2022年3月30日に日本でレビュー済み
Amazonで購入
私達は常に芸術には理想を求めてしまう所為であろうか…ともすれば芸術は俗世間とは切り離され、ましてや政治等の汚い世界とは無縁であるかのように勘違いしがちである。
だが、実際には芸術は常に権力者に利用され、政治を反映し、世間に影響を与え続けて来た。
そこで、私達にとっても馴染み深い近代の絵画に目を向けて、芸術と政治の相互関係を考察したのが本書である。
但し、付け加えるならば、後書きにもあるように、本書で言う所の「politics」には「政治」のみならず「政策」や「戦略」等の幅広い意味を含むと言う…否、実際に読んでみると「政治学」と言うよりも寧ろ「社会学」に近いものがあり、歴史背景や思想史等をもカバーしているので、謂わば「芸術の時代性」を読み解いていると考えて頂ければ間違いないだろう。

さて、本書で最も工夫が凝らされているのは漠然とした抽象論ではなく、特定の芸術家にスポットを当てて具体的に解説している所であろうか。
先ずは「アヴァンギャルド」に着目し、この前衛芸術が時代に必要とされた背景を導き出し、序論と併せて”近代絵画に見られる政治色”に目を向けさせる…そして、クールベと”ピクチャレスク”との意外な関係、ジェロームに代表されるオリエンタリズム、アナーキストとしてのピサロ、マネに見られる俗社会的エロティシズム、ゴッホ、並びに彼が称賛したルヌアールに依る「産業」の価値、レオン・フレデリックが描き出した「労働」、ドガと反ユダヤ主義、そしてスーラの反ユートピア等々、多くの作品を紹介しているばかりか図版掲載も適宜あるので、新たな魅力を再発見する事が出来るであろう。

因みに、個人的に興味深かったのはスーラ《グランド・ジャッド島の日曜日の午後》を考察した最終章だ。
この作品については常にその社会性…具体的に言えば、階級社会について語ったものが多いが、本書では特にその“倦怠感”に着目し、スーラの他の作品、或いはマネ、アングル、パプティ、シャヴァンヌ等と比較しながら、その「反ユートピア」精神を読み解いて行く。
勿論、賛否両論あるであろうが、その鋭い着眼点には誰しも興味を惹かれるに違いない。

若干学術的ではあるものの扱っているのは全て著名な作品ばかりなので、美術に関心のある方ならば誰もが楽しめると思う。
特に、現代の私達にとっては普通に見える作品が、何故センセーショナルだったのか…或いは、一見大した事が無いように見える表現に対して何故当時の人々が過剰反応したのか…そして、何故、何処に、如何にしてその芸術が生まれたのかという事を考えれば、その作品は「時代に即して生まれるべくして生まれた」事を突き付けられるし、本書を読めば、芸術は常に「必然」である事が良く解る。

芸術は「理想的であるべき」事を強要される。
然しながら、実はとても「現実的」で「俗社会」とも切り離せない運命にあるのだ。
そんな芸術作品から読み解けるメッセージを冷静に捉えて分析した本書は、芸術が生まれた背景を考える上での良き手引書となってくれるであろう。
7人のお客様がこれが役に立ったと考えています
レポート
2022年1月5日に日本でレビュー済み
Amazonで購入
著者は女性なのでもっとフェミニズム的観点が強いかと予想したがそうでもなかった。
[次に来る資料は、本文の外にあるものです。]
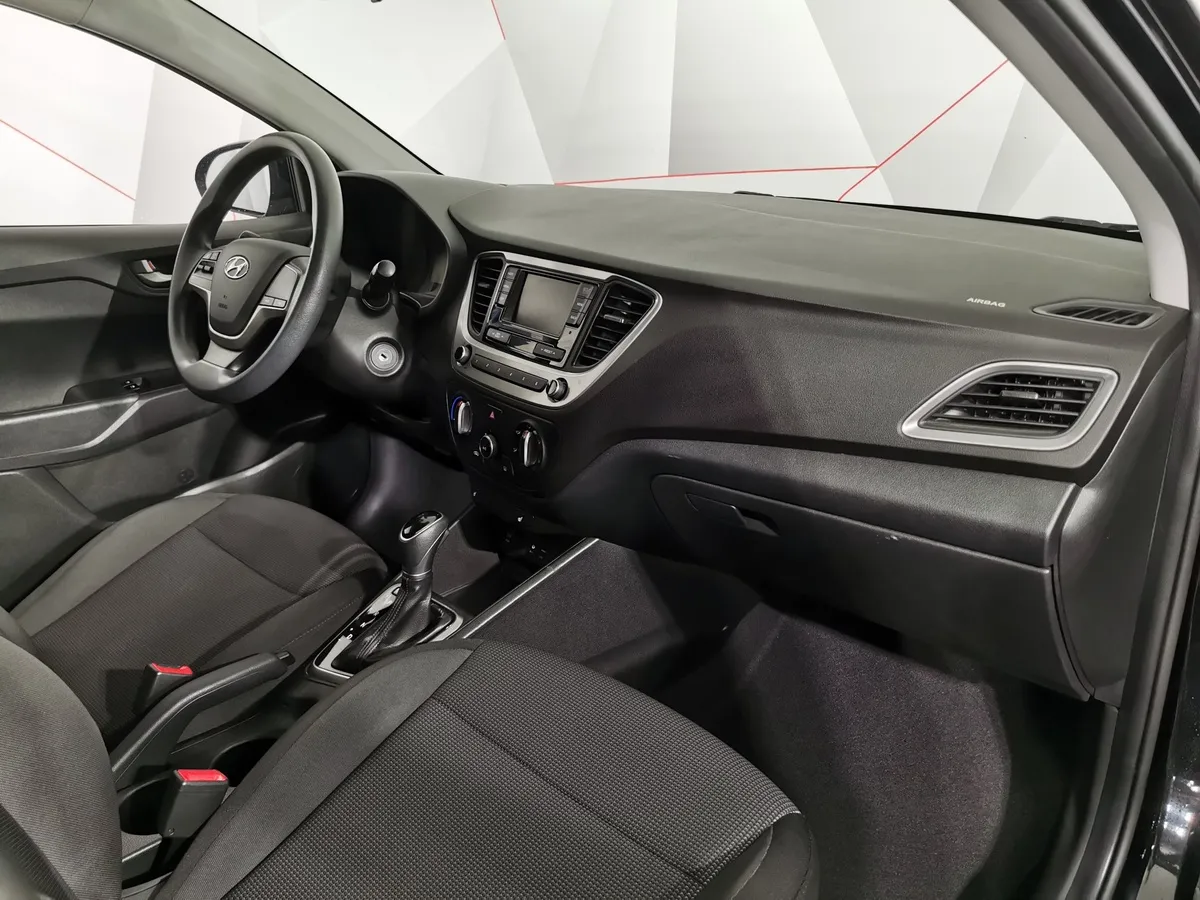 Hyundai Solaris 1.6 AT (123 л.с.) Comfort + Advanced + Winter Черный в АВИЛОН. Слайд №12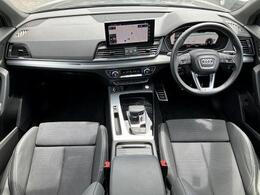 ●【認定中古車】Audi専門のテクニシャンが、100項目にもおよぶ精密な点検を実施。すべてをクリアしたAudi車のみが対象となります。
執筆時代が古い文章であるからかもしれない。著者の慎重な姿勢は、ドガと反ユダヤ主義を扱った論に顕著である。ドガはドレフュス事件で反ユダヤ主義に回った結果、印象派創建時代からの盟友であるユダヤ人画家ピサロと縁をたち、あるいは親友で何度もモデルを務めた人物とも断交した。しかし彼の反ユダヤ主義は作品への明瞭な影響としては現れなかった。時代に迎合した反ユダヤ主義的描写はいくらかはあったが、ドレフュス事件の前後で大きな差はなかった。また、当のユダヤ人であるピサロは事件以前から資本家を嫌い、彼らをユダヤ的特徴を持った典型として描いた。だから、作品と思想は直結するわけではないのだ。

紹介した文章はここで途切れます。